Here are a few things I have done over the years:

I went to free classes given by the local Chamber of Commerce.

Read books and articles.

Started a list called "Business Bootstrappers" so I can forward things from HN
and have a record to return to. In theory, this might someday lead to actual
discussion with like minded others.

Collected recyclables while incredibly poor and in desperate need of the
money. This taught me a fair amount about making decisions like "Do I just
need The Money today, no matter how much time and effort it takes me? Or is
this is a situation where the extra time and effort costs too much and is
really a bad idea? Where is the sweet spot here for making money at a
reasonable margin of return for what it costs me to do this?"

Over the years, I have spent a whole lot of time pondering the question of how
and what to charge other people.

I was a good student in high school and I sometimes felt like the teacher's
were vindictively taking points off because I didn't spend enough time on it
in their opinion. It was what I thought of as "sweat equity grading." It
didn't really matter if it was right, they were just (seemingly) mad that I
had the answer with seemingly no effort.

This experience has had me long wondering how to price things based on value
to the customer rather than on time and effort on my end. There are sometimes
comments on HN that indicate that you shouldn't really charge by the hour as
that keeps you trapped as a wage slave. You need to figure out how to charge
for value delivered as a separate question from time and effort on your end.
That is the only way to really get rich.

It is also the only thing that makes sense for selling high level expertise.
Kind of like the joke about the invoice that says something like "$1 for
tapping the thing. $999 for knowing where to tap."

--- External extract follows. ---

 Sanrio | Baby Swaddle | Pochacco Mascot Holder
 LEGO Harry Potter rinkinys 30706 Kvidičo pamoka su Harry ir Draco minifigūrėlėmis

So I am trying to figure out how to sell my services by the "piece" rather
than by the hour. I don't like selling by the hour. I am trying to commodify
my services and say "X item costs $y amount" rather than charging by the hour
for most things. That way if I run into a snag, I am not charging customers
for what I didn't know and had to research, but, by the same token, if it was
easy for me because I have years of experience, I am not undercharging because
it only took me 10 minutes.

I am charging for those years of experience and the knowledge I have. I should
get paid a reasonable amount because it saves them hours and hours and gets
them something better quality than they could create on their own, not for my
10 minutes per se.